Os Mambembes. Arthur Azevedo/Dramaturgia. Emílio de Mello e Gustavo Guenzburger/Direção. Maio/2025. Annelize Tozetto/Fotos.


De certa maneira, numa possível recorrência à lembrança da histórica noite, em 1959, ao apostar também num elenco de craques atorais da atualidade (Camila Boher, Claúdia Abreu, Deborah Evelyn, Julia Lemmertz, Leandro Santanna, Orã Figueiredo e Paulo Betti), sob um acurado e dúplice comando direcional (Emílio de Mello e Gustavo Guenzburguer), em concepção estética móvel capaz de se adaptar tanto às ruas como aos palcos italianos.

Mesmo que, para quem tenha tido a chance de assistir aos dois formatos, possa causar um estranhamento e talvez uma menor aproximação ator/espectador esta última se comparada à primeira proposta, mantendo em parte os mesmos elementos cenográficos minimalistas, ainda que, aqui, prevaleça todo o empenho do cast artístico e técnico.

Fazendo esta outra opção cênica não perder seu encantamento plástico com a manutenção de seus escassos recursos cenográficos (Marcelo Escañuela) pensados para um teatro popular simbolizado pelo teor itinerante e para inusitado público de rua que, certamente, há de se surpreender ao tomar contato com os mágicos artifícios  de uma criação teatral. 

Claro que a infraestrutura de um palco de teatro possibilita tornar mais expressivos os efeitos luminares  (Nadja Naira), mas não deixando de brincar com  lanternas na escuridão ou com a simbiose de figurinos cotidianos sinalizados por caracteres de sotaque burlesco (Marcelo Olinto).

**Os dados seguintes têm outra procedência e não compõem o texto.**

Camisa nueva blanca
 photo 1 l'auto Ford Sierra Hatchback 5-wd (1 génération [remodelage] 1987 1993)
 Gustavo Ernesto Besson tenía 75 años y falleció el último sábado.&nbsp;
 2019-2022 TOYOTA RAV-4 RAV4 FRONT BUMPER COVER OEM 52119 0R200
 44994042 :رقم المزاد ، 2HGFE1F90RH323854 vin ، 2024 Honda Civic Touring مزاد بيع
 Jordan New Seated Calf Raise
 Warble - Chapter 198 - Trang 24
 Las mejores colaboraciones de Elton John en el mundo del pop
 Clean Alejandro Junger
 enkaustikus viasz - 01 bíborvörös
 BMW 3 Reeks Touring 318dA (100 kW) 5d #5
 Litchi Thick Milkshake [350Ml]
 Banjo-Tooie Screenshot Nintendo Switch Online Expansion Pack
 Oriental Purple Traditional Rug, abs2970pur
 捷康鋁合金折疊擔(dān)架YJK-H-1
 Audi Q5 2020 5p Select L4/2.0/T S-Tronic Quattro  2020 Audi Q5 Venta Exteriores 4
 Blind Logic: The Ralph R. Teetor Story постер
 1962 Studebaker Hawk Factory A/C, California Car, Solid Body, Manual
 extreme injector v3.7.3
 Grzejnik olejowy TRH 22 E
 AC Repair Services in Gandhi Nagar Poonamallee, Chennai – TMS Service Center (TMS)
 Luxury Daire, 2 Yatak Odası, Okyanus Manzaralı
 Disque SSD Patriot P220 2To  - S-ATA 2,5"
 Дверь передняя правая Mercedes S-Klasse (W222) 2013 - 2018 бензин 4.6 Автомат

Sempre nesta assumida proposição do improviso, tornando espontânea a corporeidade gestual (Cristina Moura), na pulsão de uma trilha sonora autoral à base de temas e ritmos nordestinos, interpretada ao vivo pelo instrumentista e diretor musical Caio Padilha.

Sete atores e um músico imersos em cativante trama farsesca, dando uma lição teatral de improvisação paralela à fidelidade quanto a narrativa dramatúrgica, numa linguagem fluente e irônica em seu sotaque folhetinesco e melodramático. E por uma gramática cênica com preciso domínio de sua direção, num correspondente e coeso desempenho coletivo de intérpretes mais que especiais.

Irradiando humor e ironia, ao avançar em temas sociais caros aos nossos dias, enquanto retrata e reflete bem os desafios e as adversidades do teatro de ontem e de hoje, em moldes brasileiros a partir de um pertinente conceitual “mambembe”, atemporal ao sintonizar a tradição e a modernidade, resultando, afinal, em espetáculo que deve ser obrigatoriamente conferido...

 

                                                  Wagner Corrêa de Araújo

 

Os Mambembes está em cartaz no Teatro Casa Grande/Leblon, de quinta a sábado, às 20h; domingo, às 18h, até 22 de Junho.